I've recently converted a highly threaded, unmanaged Win32 C++ console application (MediaServer.exe) to an unmanaged Win32 DLL (MediaServer.dll). I'm hosting and debugging this DLL in a separate unmanaged Win32 console app, and everything compiles and runs, but after a minute or so, I'll get a random crash, in a place that makes no sense, with an apparently corrupt call stack. These crashes happen in a variety of different places, and at somewhat random times: but the commonality is that the (apparently corrupt) call stack always has various libxml2.dll functions somewhere on it, e.g., the crash might be on a line that looks like this:

xmlDoc * document = xmlReadMemory(message.c_str(), message.length(), "noname.xml", NULL, 0);

Or like this:

xmlBufferPtr buffer = xmlBufferCreate();

And the call stack might look like this:

feeefeee()  
libxml2.dll!000eeec9()  
[Frames below may be incorrect and/or missing, no symbols loaded for libxml2.dll]   
libxml2.dll!00131714()  
libxml2.dll!001466b6()  
libxml2.dll!00146bf9()  
libxml2.dll!00146c3c()  
libxml2.dll!0018419e()  

Or if you're lucky, like this:

ntdll.dll!_RtlpWaitOnCriticalSection@8()  + 0x99 bytes  
ntdll.dll!_RtlEnterCriticalSection@4()  - 0x15658 bytes 
libxml2.dll!1004dc6d()  
[Frames below may be incorrect and/or missing, no symbols loaded for libxml2.dll]   
libxml2.dll!10012034()  
libxml2.dll!1004b7f7()  
libxml2.dll!1003904c()  
libxml2.dll!100393a9()  
libxml2.dll!10024621()  
libxml2.dll!10036e8f()  
MediaServer.dll!Controller::parse(std::basic_string<char,std::char_traits<char>,std::allocator<char> > message)  Line 145 + 0x20 bytes  C++
MediaServer.dll!Controller::receiveCommands()  Line 90 + 0x25 bytes C++
MediaServer.dll!MediaServer::processCommands()  Line 88 + 0xb bytes C++
MediaServer.dll!MediaServer::processCommandsFunction(void * mediaServerInstance)  Line 450 + 0x8 bytes  C++
MediaServer.dll!CustomThread::callThreadFunction()  Line 79 + 0x11 bytes    C++
MediaServer.dll!threadFunctionCallback(void * threadInstance)  Line 10 + 0x8 bytes  C++
kernel32.dll!@BaseThreadInitThunk@12()  + 0x12 bytes    
ntdll.dll!___RtlUserThreadStart@8()  + 0x27 bytes   
ntdll.dll!__RtlUserThreadStart@8()  + 0x1b bytes    

The crash itself will typically say something like "Unhandled exception at 0x77cd2239 (ntdll.dll) in MediaServerConsole.exe: 0xC000005: Access violation writing location 0x00000014."

Needless to say, this didn't happen when I was compiling the module as a console application.

Is there anything that I may have overlooked when converting the project over to a DLL? It's not something I've done before, so I wouldn't be at all surprised if there's something obvious I've neglected.

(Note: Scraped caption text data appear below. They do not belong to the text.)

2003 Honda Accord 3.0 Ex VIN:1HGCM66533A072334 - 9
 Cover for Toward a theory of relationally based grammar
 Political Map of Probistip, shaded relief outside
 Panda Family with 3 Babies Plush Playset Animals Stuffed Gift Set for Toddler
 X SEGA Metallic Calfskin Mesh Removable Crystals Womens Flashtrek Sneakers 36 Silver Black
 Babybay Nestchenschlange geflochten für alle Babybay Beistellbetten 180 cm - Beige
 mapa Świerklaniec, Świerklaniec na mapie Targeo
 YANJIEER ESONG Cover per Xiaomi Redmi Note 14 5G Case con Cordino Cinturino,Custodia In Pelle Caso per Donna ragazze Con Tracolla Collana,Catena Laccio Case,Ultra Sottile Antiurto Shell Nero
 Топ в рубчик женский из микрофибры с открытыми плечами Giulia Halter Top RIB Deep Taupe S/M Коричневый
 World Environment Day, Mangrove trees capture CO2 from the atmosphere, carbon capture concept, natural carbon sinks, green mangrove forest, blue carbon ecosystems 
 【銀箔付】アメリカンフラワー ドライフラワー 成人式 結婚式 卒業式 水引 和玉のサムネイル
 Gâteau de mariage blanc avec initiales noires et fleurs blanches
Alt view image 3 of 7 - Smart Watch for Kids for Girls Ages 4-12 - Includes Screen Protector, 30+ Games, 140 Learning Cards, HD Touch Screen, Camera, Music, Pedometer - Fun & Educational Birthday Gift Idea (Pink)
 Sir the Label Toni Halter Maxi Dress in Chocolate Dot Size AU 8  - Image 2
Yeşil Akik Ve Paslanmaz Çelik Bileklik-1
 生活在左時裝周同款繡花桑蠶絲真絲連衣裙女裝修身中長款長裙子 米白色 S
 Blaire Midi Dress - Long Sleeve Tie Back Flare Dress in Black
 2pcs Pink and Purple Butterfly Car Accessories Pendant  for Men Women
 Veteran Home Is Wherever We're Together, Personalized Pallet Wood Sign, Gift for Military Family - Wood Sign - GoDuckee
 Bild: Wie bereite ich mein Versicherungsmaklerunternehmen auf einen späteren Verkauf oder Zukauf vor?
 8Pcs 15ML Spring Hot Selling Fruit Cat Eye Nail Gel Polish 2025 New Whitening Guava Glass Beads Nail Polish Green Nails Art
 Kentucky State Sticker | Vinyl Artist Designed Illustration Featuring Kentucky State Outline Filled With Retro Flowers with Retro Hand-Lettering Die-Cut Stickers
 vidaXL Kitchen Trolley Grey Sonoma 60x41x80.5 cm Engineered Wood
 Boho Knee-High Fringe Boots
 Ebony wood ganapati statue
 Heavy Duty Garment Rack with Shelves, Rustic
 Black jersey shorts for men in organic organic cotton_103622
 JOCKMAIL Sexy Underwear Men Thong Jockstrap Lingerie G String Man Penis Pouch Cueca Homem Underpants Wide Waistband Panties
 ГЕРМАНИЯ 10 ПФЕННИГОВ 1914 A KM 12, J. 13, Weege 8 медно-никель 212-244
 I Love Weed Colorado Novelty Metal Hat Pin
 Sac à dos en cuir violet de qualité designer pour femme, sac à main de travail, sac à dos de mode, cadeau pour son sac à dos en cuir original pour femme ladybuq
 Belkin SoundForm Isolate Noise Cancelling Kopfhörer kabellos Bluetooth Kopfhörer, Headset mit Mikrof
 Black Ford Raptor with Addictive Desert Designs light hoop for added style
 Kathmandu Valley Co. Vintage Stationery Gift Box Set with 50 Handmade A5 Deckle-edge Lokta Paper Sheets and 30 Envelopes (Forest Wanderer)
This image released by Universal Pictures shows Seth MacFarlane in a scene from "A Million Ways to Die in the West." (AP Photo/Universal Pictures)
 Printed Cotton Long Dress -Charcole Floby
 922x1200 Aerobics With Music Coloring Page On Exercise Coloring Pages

Any help is appreciated.

Ken Smith
  • 20,305
  • 15
  • 100
  • 147
  • Have you tried running any of the suggested programs in [this topic](http://stackoverflow.com/questions/413477/is-there-a-good-valgrind-substitute-for-windows)? Purify, Insure++, etc. can help you track down subtle bugs in your program. – Adam Rosenfield Jul 22 '11 at 05:48
  • Haven't, but I'm downloading Visual Leak Detector right now to see if it can pinpoint anything. (Presumably it's not at the same level as Purify or Insure++, but it's free...) – Ken Smith Jul 22 '11 at 06:08
  • What causes the crash? An access violation? I'm assuming yes, because released heap is marked with 0xFEEFEEE. It sounds like your stack is overflowing or your heap is corrupt. Also, can you check which CRT the DLL links with (static/dynamic, debug/release) – Collin Dauphinee Jul 22 '11 at 06:16
  • 1
    My usual checklist: Select all projects in your solution and verify: C++->Optimization: Same settings for Optimization, Favor Size or Speed, and Whole Program Optimization. C++->Code Generation: Same settings for Runtime Library (Multi-threaded DLL in your case), and Struct Member Alignment. – Gnawme Jul 22 '11 at 06:19
  • @dauphic - I edited the question to add additional details. – Ken Smith Jul 22 '11 at 06:31
  • @Gnawme - Checked all those things, they all match. I've gone through all the settings I can think of, and they all seem to match, and they all *look* right - doesn't mean they are, of course :-). – Ken Smith Jul 22 '11 at 06:32
  • Do you have any global objects / static constructors in the application exe? Have you checked for the static initialization order problem? – Gangadhar Jul 22 '11 at 06:36
  • @Gagadhar - Nope, no global objects in the exe - it's as bare a host as I could make it. I don't *think* there are any static initialization order problems, or at least, there shouldn't be anything new just as the result of this change from EXE to DLL. – Ken Smith Jul 22 '11 at 07:20
  • 1
    I'd grab Application Verifier and enable full heap checking. Problems like this are always hard to track down. – Collin Dauphinee Jul 22 '11 at 08:05
  • I got it working (see below), but for grins, I tried Application Verifier. Unfortunately, the only message I got was an inscrutable one about "Invalid TLS index used for current stack trace". Googling it just turns up folks who are as confused as me. – Ken Smith Jul 22 '11 at 08:23

2 Answers2

1

I would say you are initializing memory in DLL_THREAD_ATTACH instead of DLL_PROCESS_ATTACH. The situation would cause you to use a pointer or memory that has been allocated in another thread than the executing thread.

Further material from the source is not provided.